Two lines below mark the span: the one containing "New Children's Rain" and the one containing "合皮 美品】CARA ダイニングチェア キャメル 合皮". Set down both, plus every line between, exactly as they stand, and nothing else.

Source records:
════════════════════
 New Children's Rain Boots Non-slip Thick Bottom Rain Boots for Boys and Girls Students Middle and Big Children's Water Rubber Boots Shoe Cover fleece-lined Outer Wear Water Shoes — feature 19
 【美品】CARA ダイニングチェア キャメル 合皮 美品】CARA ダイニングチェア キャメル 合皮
════════════════════
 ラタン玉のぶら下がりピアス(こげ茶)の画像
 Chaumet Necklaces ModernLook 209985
════════════════════
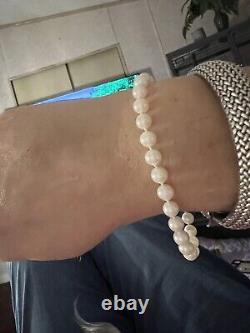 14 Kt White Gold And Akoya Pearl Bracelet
════════════════════
Problem solution:
 New Children's Rain Boots Non-slip Thick Bottom Rain Boots for Boys and Girls Students Middle and Big Children's Water Rubber Boots Shoe Cover fleece-lined Outer Wear Water Shoes — feature 19
 【美品】CARA ダイニングチェア キャメル 合皮 美品】CARA ダイニングチェア キャメル 合皮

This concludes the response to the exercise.